- **WHAT THE TASK ASKS**
What are the lines from the one containing "Indianapolis, Indiana Revved" through the last line of the records below? Return them exactly, leaving out pictures.

RECORDS SHOWN section start

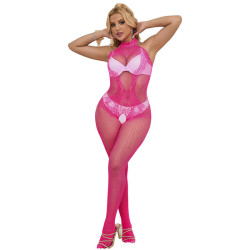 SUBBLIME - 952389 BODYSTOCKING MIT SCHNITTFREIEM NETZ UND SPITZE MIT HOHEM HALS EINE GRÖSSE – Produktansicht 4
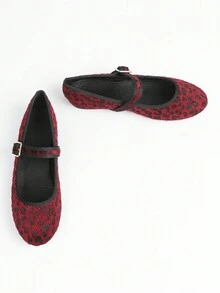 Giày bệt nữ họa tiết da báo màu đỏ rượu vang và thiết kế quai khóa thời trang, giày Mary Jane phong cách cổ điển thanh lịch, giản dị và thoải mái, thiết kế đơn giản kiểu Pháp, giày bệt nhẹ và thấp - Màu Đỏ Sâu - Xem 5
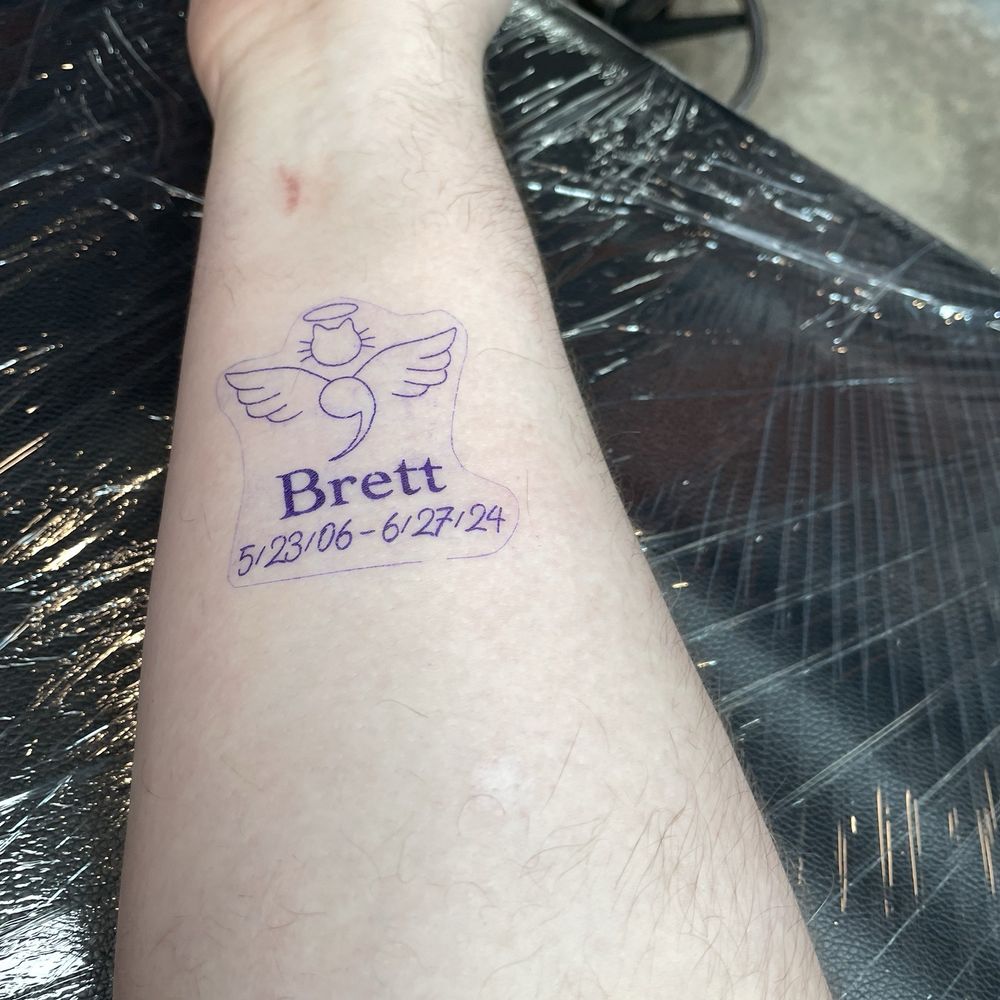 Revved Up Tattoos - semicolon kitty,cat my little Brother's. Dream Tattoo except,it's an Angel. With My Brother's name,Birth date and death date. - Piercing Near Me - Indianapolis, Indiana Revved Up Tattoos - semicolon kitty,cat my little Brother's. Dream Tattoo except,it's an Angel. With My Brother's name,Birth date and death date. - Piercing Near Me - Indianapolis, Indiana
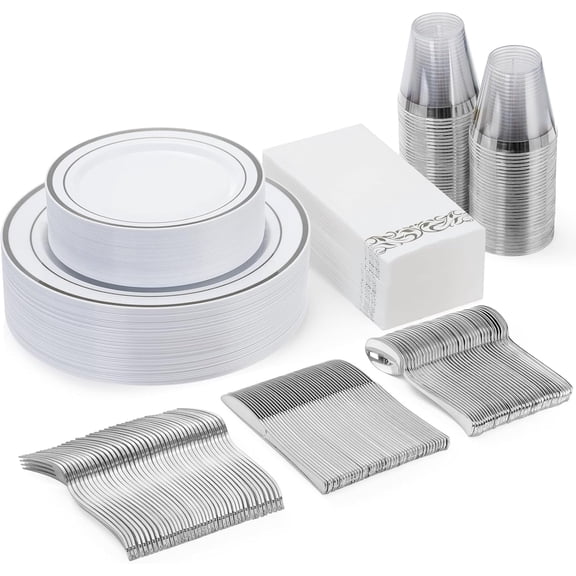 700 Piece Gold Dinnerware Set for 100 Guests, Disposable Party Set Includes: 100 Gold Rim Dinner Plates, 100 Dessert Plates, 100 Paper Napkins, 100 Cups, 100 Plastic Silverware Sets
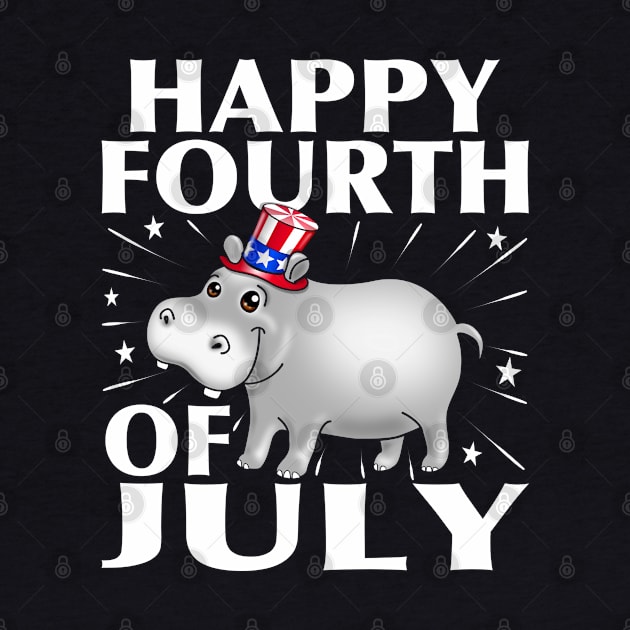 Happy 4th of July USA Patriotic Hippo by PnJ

RECORDS SHOWN section end

- **RESPONSE**
 Revved Up Tattoos - semicolon kitty,cat my little Brother's. Dream Tattoo except,it's an Angel. With My Brother's name,Birth date and death date. - Piercing Near Me - Indianapolis, Indiana Revved Up Tattoos - semicolon kitty,cat my little Brother's. Dream Tattoo except,it's an Angel. With My Brother's name,Birth date and death date. - Piercing Near Me - Indianapolis, Indiana
 700 Piece Gold Dinnerware Set for 100 Guests, Disposable Party Set Includes: 100 Gold Rim Dinner Plates, 100 Dessert Plates, 100 Paper Napkins, 100 Cups, 100 Plastic Silverware Sets
 Happy 4th of July USA Patriotic Hippo by PnJ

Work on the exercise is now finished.